▸ **What the task asks**: Look through the listing below for the line with "located in the A" and the line with "grill meat frying". Copy both, along with every line between them, exactly and with no pictures.

▸ **Source information**:
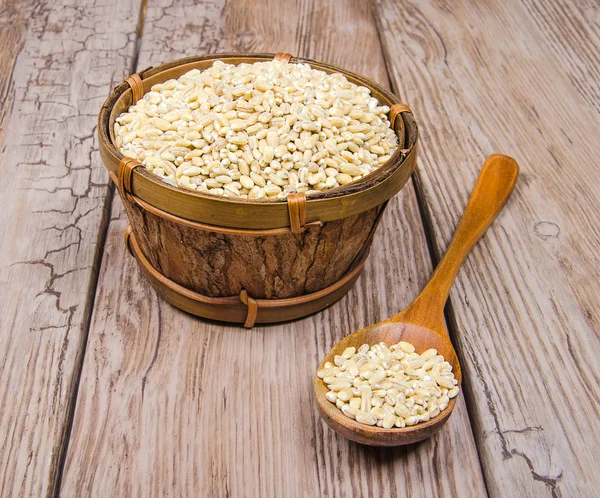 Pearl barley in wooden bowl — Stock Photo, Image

...

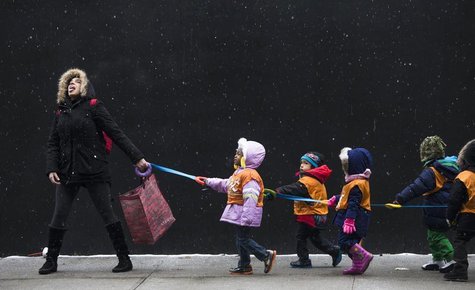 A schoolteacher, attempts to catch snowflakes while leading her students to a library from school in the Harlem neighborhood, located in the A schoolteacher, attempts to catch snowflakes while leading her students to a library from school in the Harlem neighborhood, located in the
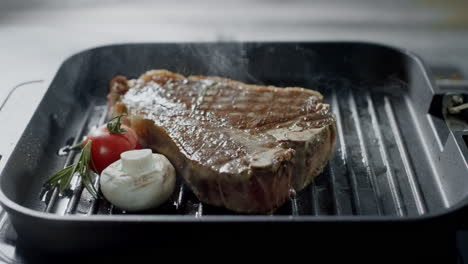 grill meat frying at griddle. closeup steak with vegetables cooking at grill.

▸ **Your solution**:
 A schoolteacher, attempts to catch snowflakes while leading her students to a library from school in the Harlem neighborhood, located in the A schoolteacher, attempts to catch snowflakes while leading her students to a library from school in the Harlem neighborhood, located in the
 grill meat frying at griddle. closeup steak with vegetables cooking at grill.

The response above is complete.